___ AVAILABLE DATA ___
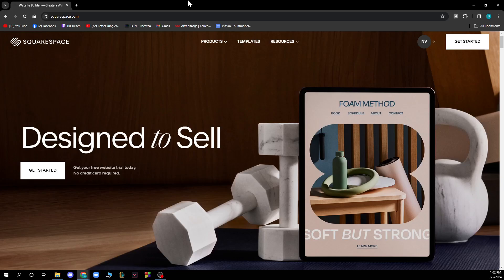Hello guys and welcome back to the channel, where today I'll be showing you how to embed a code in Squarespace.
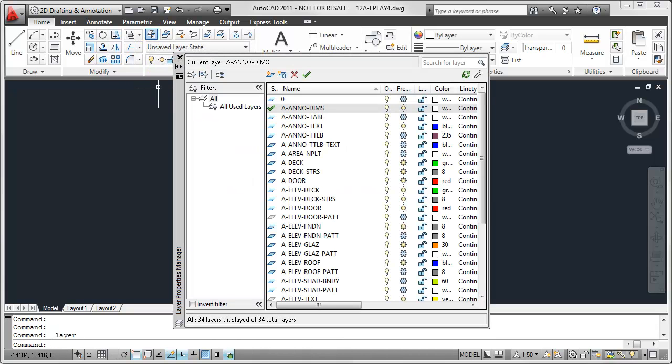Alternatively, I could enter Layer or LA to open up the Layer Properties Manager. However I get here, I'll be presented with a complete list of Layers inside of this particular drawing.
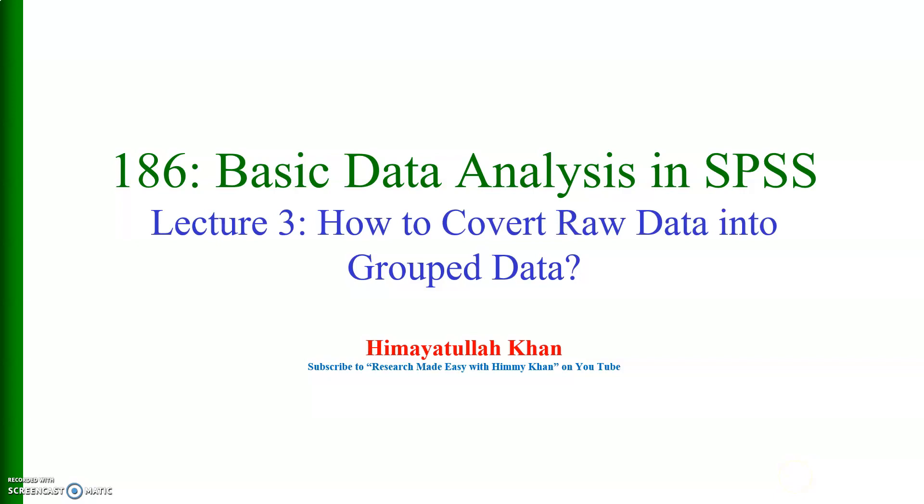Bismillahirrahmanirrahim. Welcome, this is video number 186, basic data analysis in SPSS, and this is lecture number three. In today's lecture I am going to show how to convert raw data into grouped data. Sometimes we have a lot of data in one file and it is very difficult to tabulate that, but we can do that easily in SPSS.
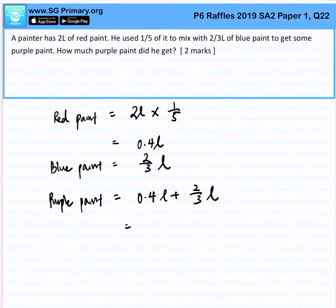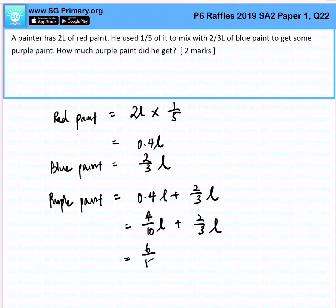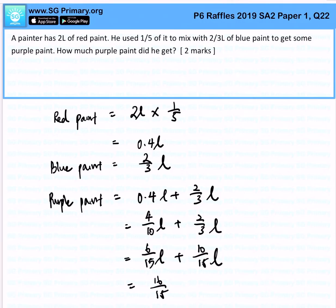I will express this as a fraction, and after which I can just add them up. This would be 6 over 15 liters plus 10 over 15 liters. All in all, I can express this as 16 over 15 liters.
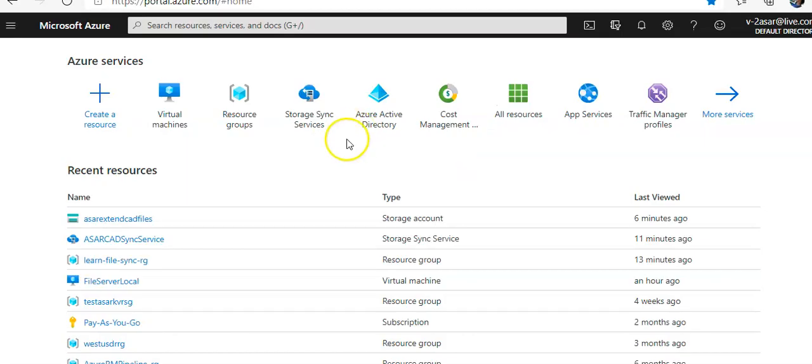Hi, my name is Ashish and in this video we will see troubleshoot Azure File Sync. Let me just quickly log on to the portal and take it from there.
___
___ AVAILABLE DATA ___
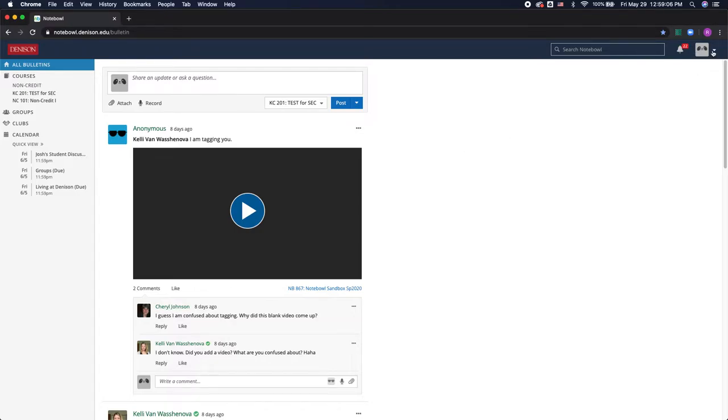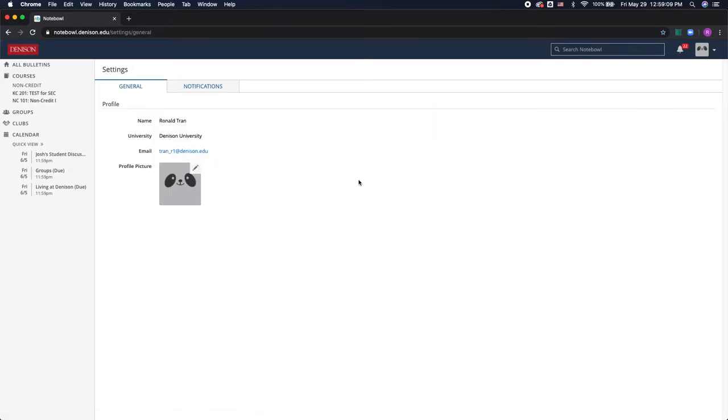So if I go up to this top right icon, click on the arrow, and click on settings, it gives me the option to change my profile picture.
___
Although the records above contain pictures, the copy must not; set down exactly the lines from the one with "Hello guys and" up to and including the one with "Alternatively, I could".

• WRITTEN REPLY:
Hello guys and welcome back to the channel, where today I'll be showing you how to embed a code in Squarespace.
Alternatively, I could enter Layer or LA to open up the Layer Properties Manager. However I get here, I'll be presented with a complete list of Layers inside of this particular drawing.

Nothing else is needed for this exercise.